● Work to complete
Return all lines in the data where the string "avec" can be found.

● Provided information
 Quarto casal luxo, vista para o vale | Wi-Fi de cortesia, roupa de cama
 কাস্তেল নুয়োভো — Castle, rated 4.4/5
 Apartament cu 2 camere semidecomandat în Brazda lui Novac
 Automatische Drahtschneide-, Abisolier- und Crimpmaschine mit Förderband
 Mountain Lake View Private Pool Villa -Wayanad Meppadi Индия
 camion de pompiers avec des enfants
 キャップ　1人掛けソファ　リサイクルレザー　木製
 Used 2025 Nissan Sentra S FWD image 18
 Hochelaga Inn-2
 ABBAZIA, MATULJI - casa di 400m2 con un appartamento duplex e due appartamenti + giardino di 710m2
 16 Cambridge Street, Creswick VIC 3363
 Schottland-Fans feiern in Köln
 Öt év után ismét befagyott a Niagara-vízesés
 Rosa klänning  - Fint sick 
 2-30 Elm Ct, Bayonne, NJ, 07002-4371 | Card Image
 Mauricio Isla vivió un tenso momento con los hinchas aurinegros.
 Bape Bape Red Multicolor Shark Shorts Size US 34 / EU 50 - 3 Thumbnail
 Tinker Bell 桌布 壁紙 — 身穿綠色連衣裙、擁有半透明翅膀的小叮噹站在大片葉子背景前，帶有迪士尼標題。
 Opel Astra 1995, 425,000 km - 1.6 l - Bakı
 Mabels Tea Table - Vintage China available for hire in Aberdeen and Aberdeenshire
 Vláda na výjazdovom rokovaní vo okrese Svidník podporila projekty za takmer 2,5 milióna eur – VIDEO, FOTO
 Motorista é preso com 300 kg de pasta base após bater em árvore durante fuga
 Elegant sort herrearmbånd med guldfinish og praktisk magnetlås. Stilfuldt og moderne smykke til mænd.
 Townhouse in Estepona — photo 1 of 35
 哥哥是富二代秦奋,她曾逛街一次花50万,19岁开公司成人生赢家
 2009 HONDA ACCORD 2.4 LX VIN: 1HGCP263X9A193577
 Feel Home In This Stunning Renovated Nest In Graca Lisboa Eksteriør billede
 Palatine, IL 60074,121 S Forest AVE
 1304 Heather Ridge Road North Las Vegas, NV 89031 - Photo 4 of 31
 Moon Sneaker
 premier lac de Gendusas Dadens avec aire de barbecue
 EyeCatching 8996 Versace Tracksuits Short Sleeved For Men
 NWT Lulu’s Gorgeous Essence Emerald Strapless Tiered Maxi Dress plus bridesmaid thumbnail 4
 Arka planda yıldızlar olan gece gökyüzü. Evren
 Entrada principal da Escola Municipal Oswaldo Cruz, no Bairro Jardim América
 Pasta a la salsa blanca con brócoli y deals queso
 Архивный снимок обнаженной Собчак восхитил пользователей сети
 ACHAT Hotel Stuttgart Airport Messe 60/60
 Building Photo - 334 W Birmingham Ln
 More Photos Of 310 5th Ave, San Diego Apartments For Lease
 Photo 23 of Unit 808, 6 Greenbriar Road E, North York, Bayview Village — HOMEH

● Solved exercise
 camion de pompiers avec des enfants
 premier lac de Gendusas Dadens avec aire de barbecue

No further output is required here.